Política

Casa Real

Juan Carlos I, la decisión más difícil de un Rey

En 2010 ya pasó por la cabeza del Emérito abdicar pero no lo haría hasta cuatro años más tarde. El 2 de junio de 2014 hizo pública su decisión tras casi un año de trabajo intenso y discreto entre la Casa del Rey, Rajoy y Rubalcaba.

El Palacio Real de Madrid fue el marco en el que se firmó la Ley Órganica que formalizó la abdicación de Don Juan Carlos
El Palacio Real de Madrid fue el marco en el que se firmó la Ley Órganica que formalizó la abdicación de Don Juan Carloslarazon

En 2010 ya pasó por la cabeza del Emérito abdicar pero no lo haría hasta cuatro años más tarde. El 2 de junio de 2014 hizo pública su decisión tras casi un año de trabajo intenso y discreto entre la Casa del Rey, Rajoy y Rubalcaba.

Abdicar la Corona ha sido, probablemente, la decisión más difícil del rey Juan Carlos I. Más difícil que acertar con el retrato robot del hombre que debería efectuar la transición política. Más difícil que dar el visto bueno a la legalización del Partido Comunista. Más difícil que afrontar el golpe de Estado de febrero de 1981. Por eso tardó tantos años en madurarla: más o menos, desde 2010. Lo reveló Alfonso Guerra en un artículo en la revista Tiempo: «Al menos en diciembre de 2010 el rey ya pensaba en ello». Y lo confirmó Fernando Almansa: el rey pensó en retirarse «hace años y en más de una ocasión» (...) «Ha comentado que le gustaría, cuando llegase el momento, dejar la Corona al príncipe».

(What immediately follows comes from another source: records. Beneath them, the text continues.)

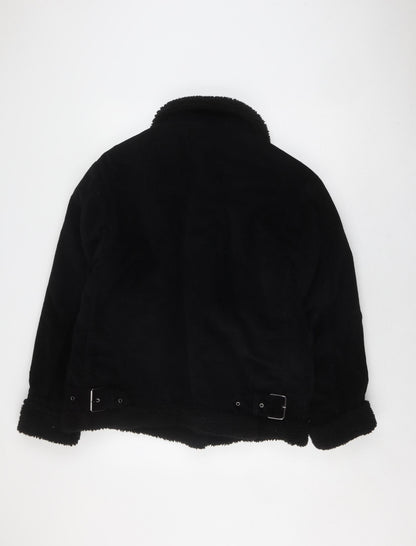 Womens UK Size 10 Topshop Black Bomber Jacket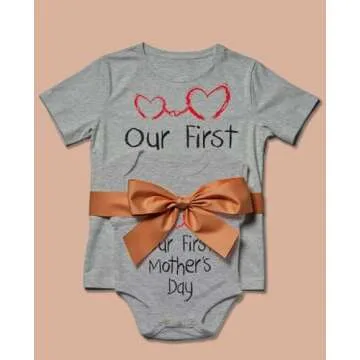 Tstars Our First Mothers Day Mommy and Me Matching Outfits Mom and Baby Shirts Set Mom Gray Small/Baby Gray Newborn (0-3M)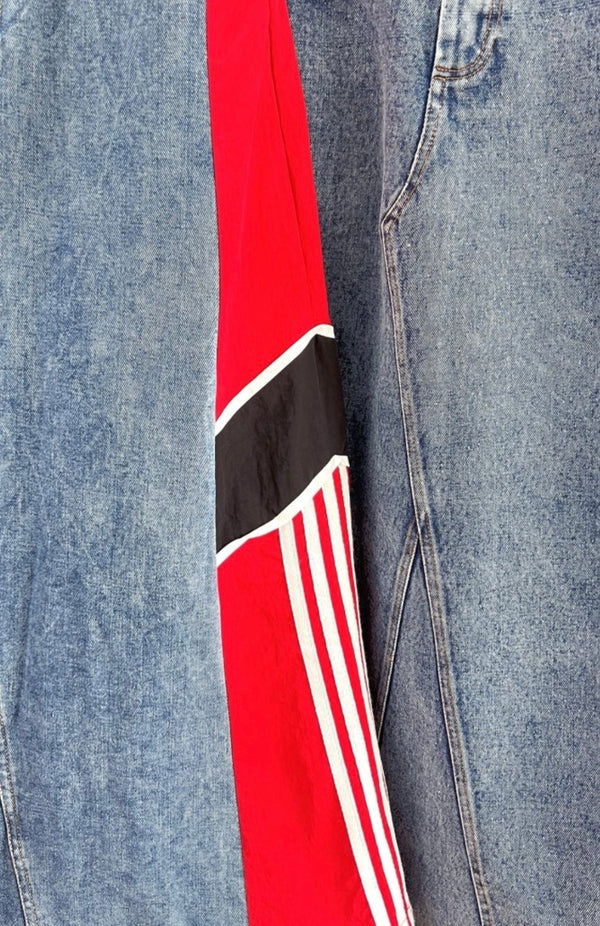 Like Adidas Denim Red & Black Midi Skirt - New ✨✨
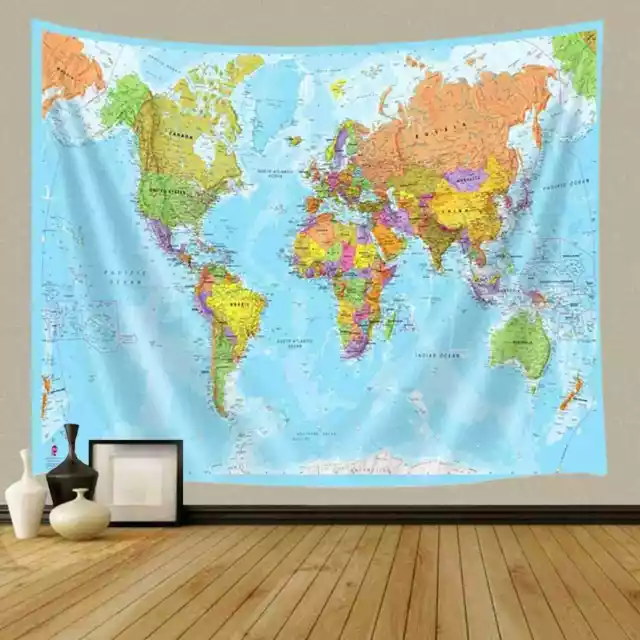 World Map Wall Art Poster Vintage Tapestry Wall Hanging Large Fabric Blue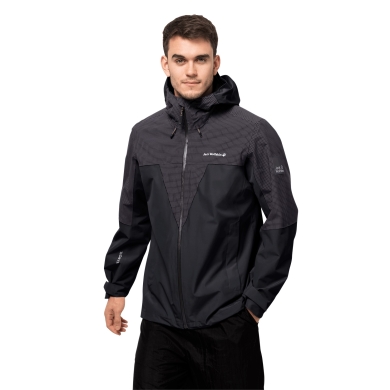 Jack Wolfskin hiking jacket DNA Rhapsody with system zipper - waterproof, windproof, PFC-free - phantom grey men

¿Cuáles eran los problemas para abdicar? El primero, un consejo de su padre: «Un rey nunca debe abdicar, no tiene derecho a hacerlo». El segundo, la cultura monárquica que expresó la reina doña Sofía cuando afirmó que los reyes no abdican, mueren. El tercero, sus propios compromisos con la sociedad: en los últimos mensajes de Navidad repetía su propósito de seguir al frente del Estado mientras tuviera fuerzas. Y el cuarto y quizá más importante, el temor a crear una situación de crisis en la cúspide institucional, a pesar de la confianza que siempre tuvo en su hijo y en su preparación.

Por ello, nadie de su entorno esperaba una abdicación, a pesar de que empezaron las presiones, los rumores y las peticiones, como la de José Antonio Ardanza, que le dijo a Alberto Aza algo tan duro como «no puede seguir», o la de Pere Navarro, que, siendo primer secretario del PSC, abrió un debate público sobre la abdicación.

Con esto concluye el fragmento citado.